Although Light Reading hasn't found any evidence to back up this speculation, such a move would make sense according to analysts. Suggestions that Huawei is considering its current U.K. position were corroborated today when Huawei declined to discuss its groundbreaking involvement in BT's £10 billion ($19 billion) next-generation network plans.
Having been named as a primary supplier in BT's access and transmission categories, Huawei said it couldn't offer any executives for comment on the news as it is "working through several internal issues related to the details of this announcement." The company said it would be prepared to talk about its 21CN involvement late next week.
Huawei currently has several hundred employees in the U.K., few of whom are believed to have any operational experience with BT. Huawei needs a strong services and support team to back up its 21CN success, and needs it fast. BT has an aggressive project timetable, as it wants to switch off its current voice and data networks in 2010.
Marconi, conversely, has more experience of BT's current networks and culture than any other supplier, and has an existing and extensive support contract with BT (see BT Renews $656M Marconi Deal).
But it now finds itself facing a future without any work from a carrier currently providing a quarter of its revenues (see Marconi in Turmoil).

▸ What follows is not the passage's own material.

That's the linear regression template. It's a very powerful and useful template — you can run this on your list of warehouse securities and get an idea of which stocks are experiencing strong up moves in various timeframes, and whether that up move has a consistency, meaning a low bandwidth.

Its omission from the 21CN plans sent its share price tumbling by nearly 40 percent yesterday, and this morning it lost another 17 percent of its value, falling 52 pence to 246 pence on the London Stock Exchange.

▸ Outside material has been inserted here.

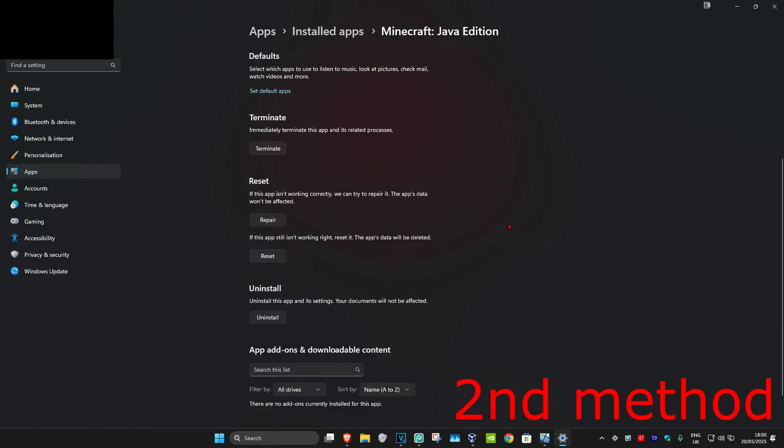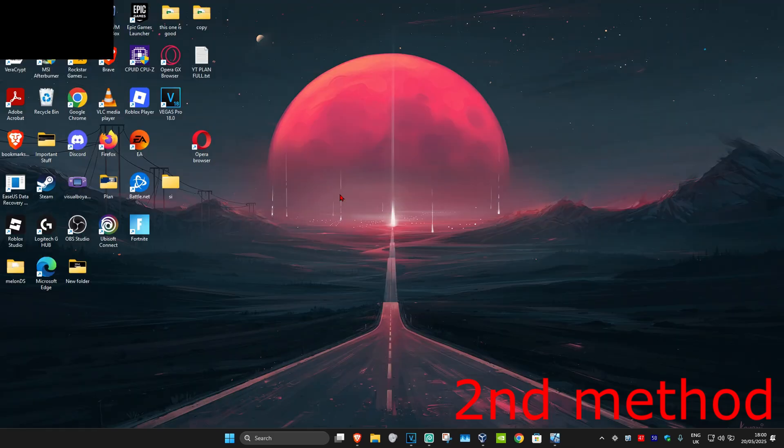If that's still not working, for the second method, click on uninstall to uninstall your Minecraft game. Once you uninstall Minecraft, head over to search.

That values Marconi at about £500 million ($950 million), half the £1 billion ($1.9 billion) it was worth before BT's shocking announcement.
Should Huawei make a move on Marconi now, it would not only get the vendor at a knocked-down price, but also buy itself into a number of European carrier accounts, a key goal in its international expansion strategy. Marconi counts the likes of Belgacom (Euronext: BELG), Cable & Wireless plc (NYSE: CWP), Deutsche Telekom AG (NYSE: DT), Telecom Italia SpA (NYSE: TI), and Telefónica SA, as well as smaller European operators, among its customers (see T-Com Selects Marconi , Telefónica Deploys Marconi DWDM, Marconi, Italtel Score at C&W, Belgacom Upgrades With Marconi, Marconi Lands Access Hub Deal, and Marconi Wins Polish MSAN Contract).
And the two companies know each other already, having forged a business and product development partnership in January this year (see Marconi Hitches a Ride With Huawei).
Heavy Reading analyst-at-large Graham Beniston reckons such a merger would "make sense. The BT win is such a shop window, as it's the first implementation of an IP NGN. And many analysts believe it's only a matter of a few years before other vendors, through outsourcing and overseas development, achieve the same economies of scale that Huawei currently has. Huawei needs to leverage an advantage in the short term, and this would be a good way of doing it."
Marconi declined to comment, and Huawei said it couldn't comment on questions related to Marconi.
One question that might be raised is whether the U.K. government would allow a Chinese company to acquire a major British company such as Marconi. It appears it would, as only weeks ago British government ministers were doing everything they could to persuade a Chinese car manufacturer to buy one of the U.K.'s industrial giants, carmaker MG Rover. That deal, though, fell through. (See this news story for background.)